> Given data
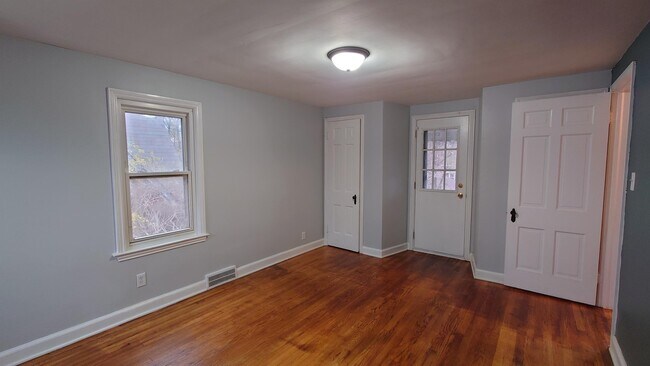 Building Photo - 11056 Wayburn St
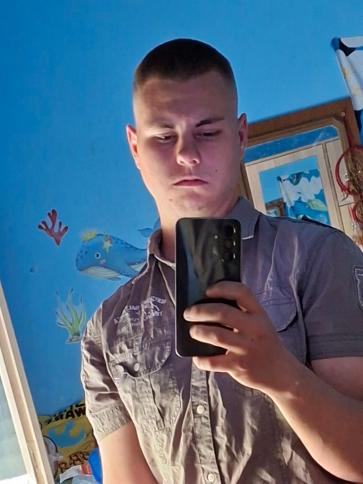 Kristóf, 22 éves taktaharkányi társkereső férfi profil fotója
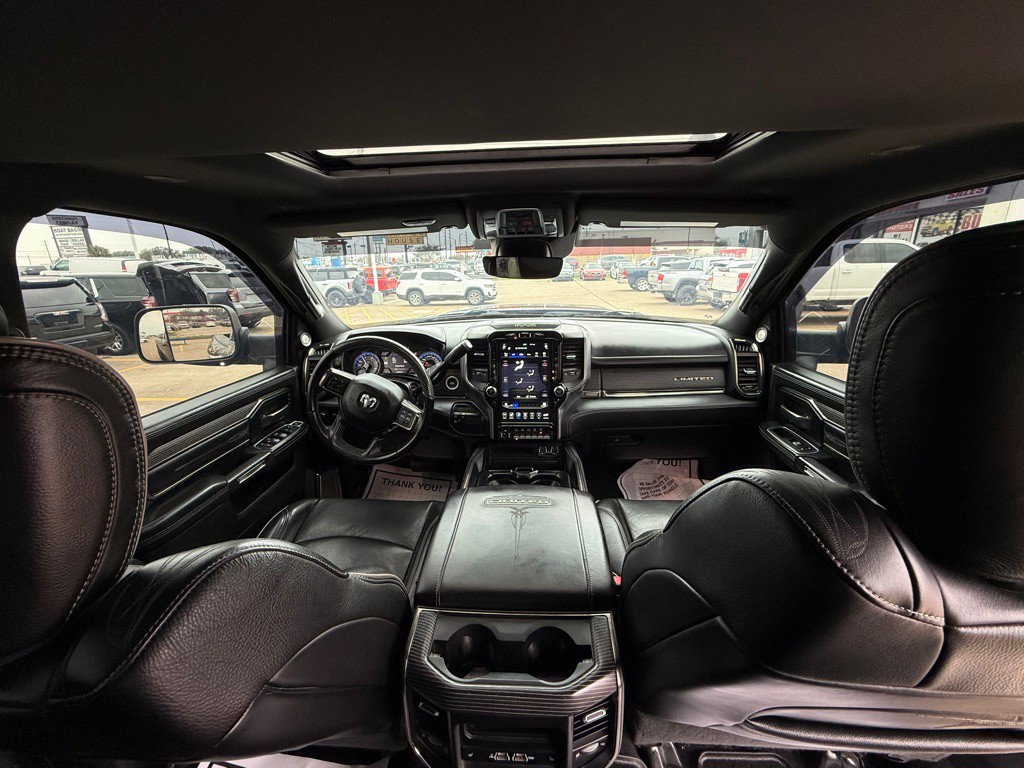 2020 RAM 3500 Image 16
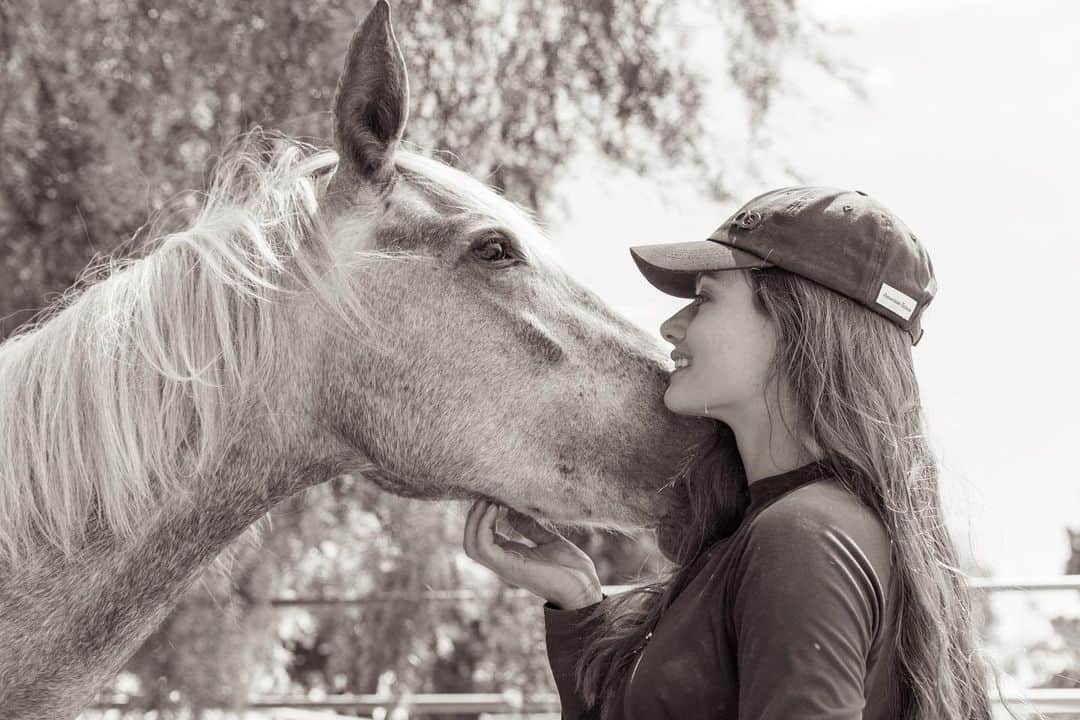 マッケンジー・フォイのインスタグラム：「Whisper @kimerleecuryl.wildhorsephotos  @wildbeautyspirit @ashleyavis」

> The task
Retype the line containing "2020 RAM 3500 Image 16" and all lines after it to the end of the material, exactly as written, leaving out any pictures.

> Response area
 2020 RAM 3500 Image 16
 マッケンジー・フォイのインスタグラム：「Whisper @kimerleecuryl.wildhorsephotos  @wildbeautyspirit @ashleyavis」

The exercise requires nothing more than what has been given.